Autonomous Weapons and the Future of War



Paul Scharre, Center for a New American Security

Date and Time

April 30, 2019 4:30 PM - 6:00 PM


Open to the public.

No RSVP required


Stanford University CEMEX Auditorium (655 Knight Way, Stanford, CA 94305)

Militaries around the world are racing to build robotic systems with increasing autonomy. What will happen when a Predator drone has as much autonomy as a Google car? Should machines be given the power to make life and death decisions in war? Paul Scharre, a former Army Ranger and Pentagon official, will talk on his new book, Army of None: Autonomous Weapons and the Future of War. Army of None was named one of Bill Gates’ Top 5 Books of 2018. Scharre will explore the technology behind autonomous weapons and the legal, moral, ethical, and strategic dimensions of this evolving technology. Paul Scharre is a Senior Fellow and Director of the Technology and National Security Program at the Center for a New American Security.   


Drell Lecture Recording:


Drell Lecture Transcript: NA


Paul's Biography: Paul Scharre is a Senior Fellow and Director of the Technology and National Security Program at the Center for a New American Security. He is author of Army of None: Autonomous Weapons and the Future of War. Mr. Scharre formerly worked in the Office of the Secretary of Defense (OSD) where he played a leading role in establishing policies on emerging weapons technologies. He led the working group that drafted DOD Directive 3000.09, establishing DOD’s policy on autonomy in weapon systems. He is a former infantryman in the Army’s 75th Ranger Regiment and completed multiple tours to Iraq and Afghanistan.
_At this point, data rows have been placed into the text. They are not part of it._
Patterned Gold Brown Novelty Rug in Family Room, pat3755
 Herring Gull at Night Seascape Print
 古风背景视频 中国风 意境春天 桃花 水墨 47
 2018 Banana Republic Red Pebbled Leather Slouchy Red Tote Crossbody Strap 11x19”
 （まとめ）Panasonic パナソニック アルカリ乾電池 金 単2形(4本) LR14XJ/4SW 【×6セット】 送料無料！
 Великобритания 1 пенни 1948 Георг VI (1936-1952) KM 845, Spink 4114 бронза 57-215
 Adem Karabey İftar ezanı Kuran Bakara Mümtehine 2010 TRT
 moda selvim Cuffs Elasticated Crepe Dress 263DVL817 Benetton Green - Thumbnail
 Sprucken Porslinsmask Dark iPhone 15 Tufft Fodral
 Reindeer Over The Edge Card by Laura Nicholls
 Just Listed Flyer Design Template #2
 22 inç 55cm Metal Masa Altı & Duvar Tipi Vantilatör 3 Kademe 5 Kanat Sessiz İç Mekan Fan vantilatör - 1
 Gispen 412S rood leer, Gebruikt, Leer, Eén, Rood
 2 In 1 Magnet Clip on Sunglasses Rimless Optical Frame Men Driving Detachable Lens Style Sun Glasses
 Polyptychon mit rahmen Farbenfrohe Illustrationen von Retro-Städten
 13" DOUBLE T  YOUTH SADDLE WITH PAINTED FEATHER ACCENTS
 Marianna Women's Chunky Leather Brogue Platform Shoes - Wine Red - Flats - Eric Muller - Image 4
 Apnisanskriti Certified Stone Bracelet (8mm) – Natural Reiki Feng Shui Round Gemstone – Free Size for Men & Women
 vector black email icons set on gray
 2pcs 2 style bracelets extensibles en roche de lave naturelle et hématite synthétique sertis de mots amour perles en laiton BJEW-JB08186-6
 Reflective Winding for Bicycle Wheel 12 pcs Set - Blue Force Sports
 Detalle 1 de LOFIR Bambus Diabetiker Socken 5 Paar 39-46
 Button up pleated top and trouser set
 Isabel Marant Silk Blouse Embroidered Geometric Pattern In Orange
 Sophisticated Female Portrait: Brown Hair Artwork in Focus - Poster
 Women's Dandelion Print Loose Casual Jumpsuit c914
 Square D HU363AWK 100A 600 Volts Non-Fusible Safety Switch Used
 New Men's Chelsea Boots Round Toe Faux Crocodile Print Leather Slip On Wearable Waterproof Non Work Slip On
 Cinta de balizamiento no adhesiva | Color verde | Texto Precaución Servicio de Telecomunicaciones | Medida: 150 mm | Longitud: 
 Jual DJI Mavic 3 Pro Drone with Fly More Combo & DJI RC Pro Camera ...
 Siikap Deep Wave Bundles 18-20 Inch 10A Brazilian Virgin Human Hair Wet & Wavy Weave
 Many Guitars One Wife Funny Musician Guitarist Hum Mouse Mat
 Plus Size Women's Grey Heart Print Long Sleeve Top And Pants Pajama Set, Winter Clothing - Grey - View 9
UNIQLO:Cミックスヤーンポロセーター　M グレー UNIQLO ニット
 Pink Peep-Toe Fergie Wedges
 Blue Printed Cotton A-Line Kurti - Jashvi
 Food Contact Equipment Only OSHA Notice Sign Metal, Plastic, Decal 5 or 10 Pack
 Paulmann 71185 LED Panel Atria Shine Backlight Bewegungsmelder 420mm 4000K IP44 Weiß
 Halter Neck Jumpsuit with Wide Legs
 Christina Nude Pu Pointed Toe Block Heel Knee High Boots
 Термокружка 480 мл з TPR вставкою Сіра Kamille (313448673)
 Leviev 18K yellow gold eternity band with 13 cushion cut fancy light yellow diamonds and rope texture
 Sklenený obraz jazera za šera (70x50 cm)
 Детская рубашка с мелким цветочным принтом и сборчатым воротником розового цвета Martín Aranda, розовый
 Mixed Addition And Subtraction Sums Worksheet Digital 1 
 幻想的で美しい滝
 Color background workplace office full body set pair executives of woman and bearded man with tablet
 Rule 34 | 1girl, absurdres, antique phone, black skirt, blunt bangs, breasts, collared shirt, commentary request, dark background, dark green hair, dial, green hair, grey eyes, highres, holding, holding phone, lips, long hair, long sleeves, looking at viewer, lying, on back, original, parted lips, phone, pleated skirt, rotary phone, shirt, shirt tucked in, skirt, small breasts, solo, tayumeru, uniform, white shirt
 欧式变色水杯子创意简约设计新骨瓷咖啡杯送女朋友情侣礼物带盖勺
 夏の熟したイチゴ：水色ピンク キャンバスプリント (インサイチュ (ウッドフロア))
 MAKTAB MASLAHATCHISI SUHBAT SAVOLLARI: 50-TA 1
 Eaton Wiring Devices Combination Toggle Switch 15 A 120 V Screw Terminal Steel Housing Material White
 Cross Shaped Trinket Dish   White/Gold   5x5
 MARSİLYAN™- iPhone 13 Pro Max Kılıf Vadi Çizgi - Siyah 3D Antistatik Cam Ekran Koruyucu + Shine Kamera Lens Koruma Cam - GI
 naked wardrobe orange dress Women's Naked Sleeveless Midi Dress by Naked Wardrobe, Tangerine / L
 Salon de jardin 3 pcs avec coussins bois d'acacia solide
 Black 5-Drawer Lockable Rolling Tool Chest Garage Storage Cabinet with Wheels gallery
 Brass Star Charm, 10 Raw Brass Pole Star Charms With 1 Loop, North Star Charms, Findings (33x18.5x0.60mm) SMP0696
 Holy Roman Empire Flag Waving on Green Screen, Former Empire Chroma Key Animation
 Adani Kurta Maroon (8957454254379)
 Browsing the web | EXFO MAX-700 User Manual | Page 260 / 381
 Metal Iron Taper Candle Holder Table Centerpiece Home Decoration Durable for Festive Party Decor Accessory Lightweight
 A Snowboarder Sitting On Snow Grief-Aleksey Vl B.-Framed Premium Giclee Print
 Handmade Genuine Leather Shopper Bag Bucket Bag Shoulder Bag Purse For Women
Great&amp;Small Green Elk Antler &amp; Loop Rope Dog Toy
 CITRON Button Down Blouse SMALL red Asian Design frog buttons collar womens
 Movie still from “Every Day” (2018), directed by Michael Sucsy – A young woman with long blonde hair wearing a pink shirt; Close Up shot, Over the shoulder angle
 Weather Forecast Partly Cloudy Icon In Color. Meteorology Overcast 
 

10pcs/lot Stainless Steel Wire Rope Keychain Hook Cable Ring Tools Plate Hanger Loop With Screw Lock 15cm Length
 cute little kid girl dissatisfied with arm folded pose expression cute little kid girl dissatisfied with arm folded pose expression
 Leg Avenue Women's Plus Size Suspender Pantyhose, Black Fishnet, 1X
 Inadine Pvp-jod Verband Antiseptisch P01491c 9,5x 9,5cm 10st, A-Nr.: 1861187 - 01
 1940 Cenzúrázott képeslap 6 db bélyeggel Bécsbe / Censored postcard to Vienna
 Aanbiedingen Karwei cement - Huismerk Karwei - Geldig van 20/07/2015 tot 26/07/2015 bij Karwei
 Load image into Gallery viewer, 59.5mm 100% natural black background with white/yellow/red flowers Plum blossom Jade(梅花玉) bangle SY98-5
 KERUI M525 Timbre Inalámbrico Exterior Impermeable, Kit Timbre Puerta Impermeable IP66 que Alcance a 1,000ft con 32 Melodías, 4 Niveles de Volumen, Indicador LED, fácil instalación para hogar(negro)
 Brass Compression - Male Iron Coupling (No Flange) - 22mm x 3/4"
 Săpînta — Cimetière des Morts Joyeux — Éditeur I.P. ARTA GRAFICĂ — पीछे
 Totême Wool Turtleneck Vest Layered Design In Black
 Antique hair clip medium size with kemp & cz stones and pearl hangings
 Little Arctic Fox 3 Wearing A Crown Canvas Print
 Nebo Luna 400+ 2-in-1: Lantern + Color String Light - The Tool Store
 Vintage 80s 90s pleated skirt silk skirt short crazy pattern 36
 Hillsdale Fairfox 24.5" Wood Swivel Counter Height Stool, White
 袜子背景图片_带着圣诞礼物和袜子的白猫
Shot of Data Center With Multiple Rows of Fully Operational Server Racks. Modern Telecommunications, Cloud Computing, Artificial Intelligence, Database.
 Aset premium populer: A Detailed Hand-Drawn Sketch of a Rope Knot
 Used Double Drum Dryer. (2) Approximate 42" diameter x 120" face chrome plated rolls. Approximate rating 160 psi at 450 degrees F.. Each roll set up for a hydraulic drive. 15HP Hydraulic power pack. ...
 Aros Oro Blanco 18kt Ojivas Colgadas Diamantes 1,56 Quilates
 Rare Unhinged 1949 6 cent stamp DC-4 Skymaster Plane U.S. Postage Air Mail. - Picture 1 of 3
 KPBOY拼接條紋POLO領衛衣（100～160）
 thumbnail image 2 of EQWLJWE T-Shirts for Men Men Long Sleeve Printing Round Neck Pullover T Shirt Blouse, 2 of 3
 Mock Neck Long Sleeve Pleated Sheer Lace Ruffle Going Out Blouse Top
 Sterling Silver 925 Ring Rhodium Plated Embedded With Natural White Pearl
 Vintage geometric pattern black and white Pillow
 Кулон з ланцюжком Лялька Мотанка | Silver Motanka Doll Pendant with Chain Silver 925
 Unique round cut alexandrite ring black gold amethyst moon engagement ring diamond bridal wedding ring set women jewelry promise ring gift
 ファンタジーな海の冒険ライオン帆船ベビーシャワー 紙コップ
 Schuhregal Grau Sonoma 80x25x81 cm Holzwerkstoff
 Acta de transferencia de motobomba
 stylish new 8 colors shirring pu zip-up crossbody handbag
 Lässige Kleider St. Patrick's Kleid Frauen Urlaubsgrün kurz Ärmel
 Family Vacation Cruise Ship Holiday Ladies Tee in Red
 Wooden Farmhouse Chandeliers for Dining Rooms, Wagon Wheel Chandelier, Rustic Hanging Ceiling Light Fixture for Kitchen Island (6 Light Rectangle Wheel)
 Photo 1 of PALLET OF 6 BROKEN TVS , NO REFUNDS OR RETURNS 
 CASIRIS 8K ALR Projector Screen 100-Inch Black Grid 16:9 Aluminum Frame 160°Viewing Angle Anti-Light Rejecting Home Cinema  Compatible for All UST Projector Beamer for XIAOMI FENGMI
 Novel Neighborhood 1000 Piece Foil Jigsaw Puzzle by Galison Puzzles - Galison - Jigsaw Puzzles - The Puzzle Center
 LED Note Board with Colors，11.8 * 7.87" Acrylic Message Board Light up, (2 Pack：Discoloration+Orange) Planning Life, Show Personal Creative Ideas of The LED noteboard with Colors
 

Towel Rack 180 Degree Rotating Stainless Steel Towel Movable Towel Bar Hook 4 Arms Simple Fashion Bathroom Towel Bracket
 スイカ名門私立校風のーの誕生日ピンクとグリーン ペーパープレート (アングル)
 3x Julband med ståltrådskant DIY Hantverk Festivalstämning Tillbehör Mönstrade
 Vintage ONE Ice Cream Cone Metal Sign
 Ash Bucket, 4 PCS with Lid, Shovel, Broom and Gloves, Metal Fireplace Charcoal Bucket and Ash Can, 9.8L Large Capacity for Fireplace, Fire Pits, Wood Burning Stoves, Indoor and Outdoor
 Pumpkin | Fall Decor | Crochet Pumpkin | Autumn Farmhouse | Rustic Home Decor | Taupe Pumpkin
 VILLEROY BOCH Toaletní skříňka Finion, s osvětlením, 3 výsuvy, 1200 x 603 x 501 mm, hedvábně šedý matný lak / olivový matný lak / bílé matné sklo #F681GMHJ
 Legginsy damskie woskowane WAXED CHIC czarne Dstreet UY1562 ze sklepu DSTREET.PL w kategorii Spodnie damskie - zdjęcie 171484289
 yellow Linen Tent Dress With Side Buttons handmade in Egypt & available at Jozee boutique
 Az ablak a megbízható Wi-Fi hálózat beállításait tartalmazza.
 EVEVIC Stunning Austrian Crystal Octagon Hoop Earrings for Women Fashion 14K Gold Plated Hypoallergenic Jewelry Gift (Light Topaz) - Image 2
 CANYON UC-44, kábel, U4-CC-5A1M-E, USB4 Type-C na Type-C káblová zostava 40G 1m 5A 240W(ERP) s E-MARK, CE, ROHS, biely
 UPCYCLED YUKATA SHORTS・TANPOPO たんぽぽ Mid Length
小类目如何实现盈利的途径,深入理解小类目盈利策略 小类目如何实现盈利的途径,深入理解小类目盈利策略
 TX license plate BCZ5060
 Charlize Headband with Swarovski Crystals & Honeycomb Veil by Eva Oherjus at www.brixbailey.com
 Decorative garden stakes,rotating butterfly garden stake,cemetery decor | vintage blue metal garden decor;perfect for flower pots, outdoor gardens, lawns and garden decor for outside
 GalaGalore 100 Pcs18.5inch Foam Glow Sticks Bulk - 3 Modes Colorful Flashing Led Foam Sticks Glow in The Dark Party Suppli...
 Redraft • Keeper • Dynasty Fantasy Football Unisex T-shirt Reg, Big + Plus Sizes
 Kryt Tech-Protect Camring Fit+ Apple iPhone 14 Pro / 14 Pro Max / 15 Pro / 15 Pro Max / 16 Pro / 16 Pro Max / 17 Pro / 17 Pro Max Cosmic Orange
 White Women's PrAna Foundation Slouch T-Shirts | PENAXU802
Radha's Biography: Radha Iyengar is the head of Product Policy Research at Facebook and an adjunct economist at the RAND Corporation. Previously, she served in senior staff positions at the White House National Security Council, Department of Defense, and Department of Energy. Over the course of her government service, she was instrumental in executive actions on sexual assault and suicide prevention, budget and policy related to nuclear and energy infrastructure security and resilience, and security assistance and counterterrorism efforts in the the Middle East and North Africa. Her research has covered empirical evaluations of policies aimed at reducing violence including criminal violence, sexual assault, terrorist behavior, and sexual and intimate partner violence. 


Jeremy's Biography: Jeremy is a Professor of Political Science and Senior Fellow at the Freeman Spogli Institute for International Studies. He is also a non-resident fellow at the Center for Global Development in Washington, D.C. His research focuses on civil wars and political violence; ethnic politics and the political economy of development; and democracy, accountability, and political change. He is the author of Inside Rebellion: The Politics of Insurgent Violence (Cambridge University Press), which received the William Riker Prize for the best book on political economy. He is also the co-author of Coethnicity: Diversity and the Dilemmas of Collective Action (Russell Sage Foundation), which received the Gregory Luebbert Award for the best book in comparative politics. He has published articles in the American Political Science Review, American Journal of Political Science, Annual Review of Political Science, Journal of Conflict Resolution, Foreign Affairs, Foreign Policy, Journal of Democracy, World Policy Journal, and the SAIS Review.